For string in File B:
    For record in File A:
         if record contains string: # I use regex for this
            write record to a separate file

This is currently running as a single thread of execution and takes a few hours to complete.

I’d like to implement concurrency to speed up this script. What is the best way to approach it? I have looked into multi-threading but my scenario doesn’t seem to represent the producer-consumer problem as my machine has an SSD and I/O is not an issue. Would multiprocessing help with this?

zan
  • 355
  • 6
  • 16
  • Maybe use a DB instead of files? DBs are made exactly for that purpose – kmaork Jan 20 '18 at 20:39
  • I'm not sure concurrency will improve this. Try changing the algorithm first. What about keeping all the file B strings in memory (read one time) and reverse the loops? – Keith Jan 20 '18 at 23:57

2 Answers2

0

Running such a problem with multi-threads poses a couple of challenges:

  • We have to run over all of the records in file A in order to get the algorithm done.
  • We have to synchronize the writing to the separate file, so we won't override the printed records.

I'd suggest:

  1. Assign a single thread just for printing - so your external file won't get messed up.
  2. Open as many threads as you can support (n), and give each of them different 1000000/n records to work on.
GalAbra
  • 5,048
  • 4
  • 23
  • 42
  • And make sure to use an OS that will cache the files (e.g. Linux). That'll eliminate repeated HDD/SSD transactions.
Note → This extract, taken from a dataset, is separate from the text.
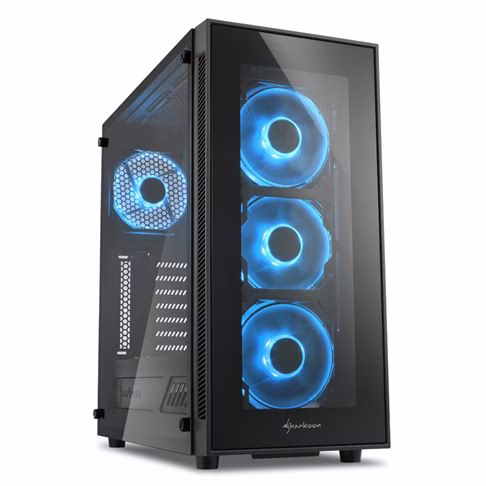 Sharkoon TG5 Glass ATX MIDI Tower Case, 3x 120 mm LED fan Pre-Installed, Tempered glass 4 mm, Blue | 4044951020584 thumbnail 5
SSDs are fast, but they're no where near as fast as your machine's RAM. With enough RAM spare there's a good chance that all of A (and less importantly B) would effectively be held in RAM. – bazza Jan 20 '18 at 21:07
  • 1
    @GelAbra - I'll give that a try and will let you know how it goes – zan Jan 20 '18 at 21:44
  • @bazza - good point. I have a beefy machine that can comfortably handle 1GB files in memory. I'll read the file into mem first, and then start the processing. – zan Jan 20 '18 at 21:44
  • 1
    @zan, you shouldn't have to read them in yourself; the operating system's own file system drivers should work out that the files are worth caching. Same result, less code! Good luck – bazza Jan 20 '18 at 22:39
0

The processing you want to do requires checking whether any of the 2_000 strings is in each of the 1_000_000 records—which amounts to 2_000_000_000 such "checks" total. There's no way around that. Your current logic with the nested for loops just that iterates over all the possible combinations of things in the two files—one-by-one—and does the checking (and output file writing).

You need to determine the way (if any) ahat this could be accomplished in concurrently. For example you could have "N" tasks each checking for one string in each of the million records. The outputs from all these tasks represent the desired output and would likely need to be at aggregated together into a single file. Since the results will be in relatively random order, you may also want to sort it.

martineau
  • 119,623
  • 25
  • 170
  • 301